[Opening SUPPLIED MATERIAL section]
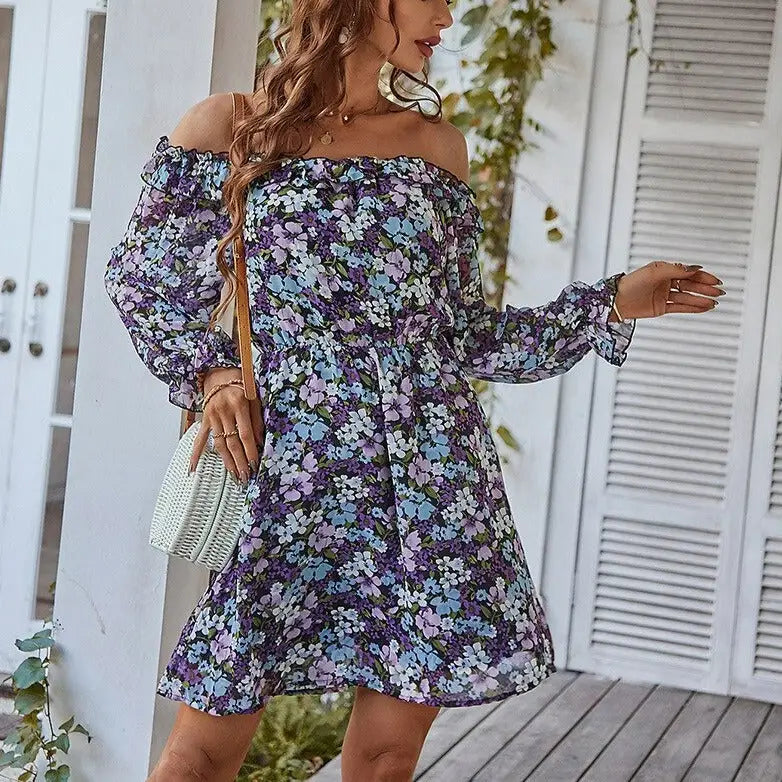 Robe Epaule Dénudée à Fleurs | Dame Fleur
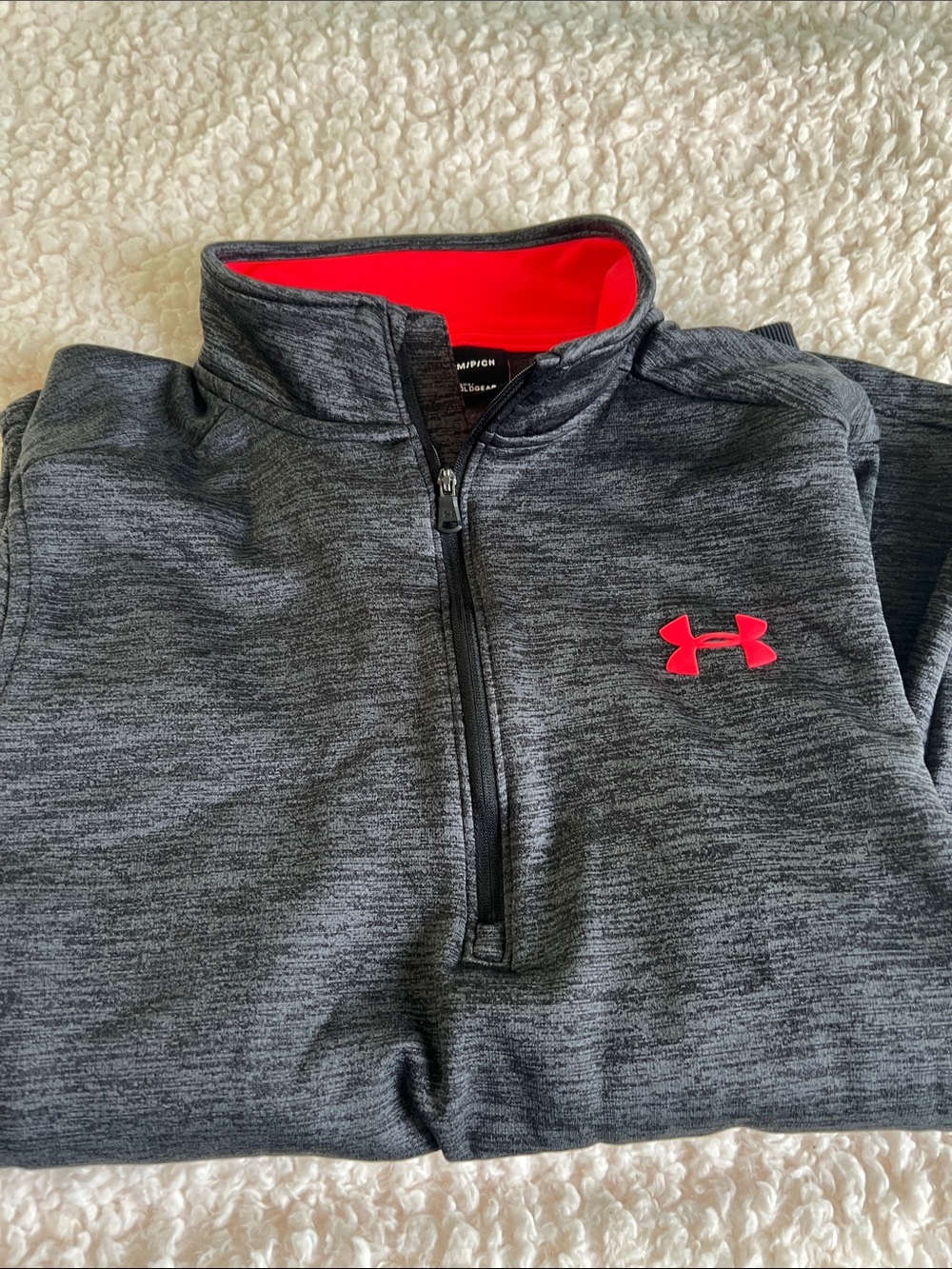 Under Armour Heather Charcoal Pullover with Red Logo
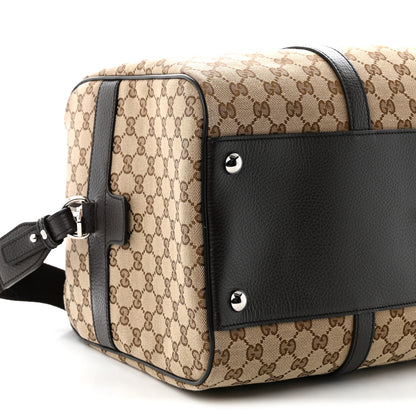 Gucci Monogram Dollar Calfskin Boston Duffle Bag Beige Ebony Testa di Moro Marrone Scuro 9 of 10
[Closing SUPPLIED MATERIAL section]
## TASK ITEM
Line by line, write out the data above exactly, without the pictures.

## RESULT OF THIS TASK
 Robe Epaule Dénudée à Fleurs | Dame Fleur
 Under Armour Heather Charcoal Pullover with Red Logo
 Gucci Monogram Dollar Calfskin Boston Duffle Bag Beige Ebony Testa di Moro Marrone Scuro 9 of 10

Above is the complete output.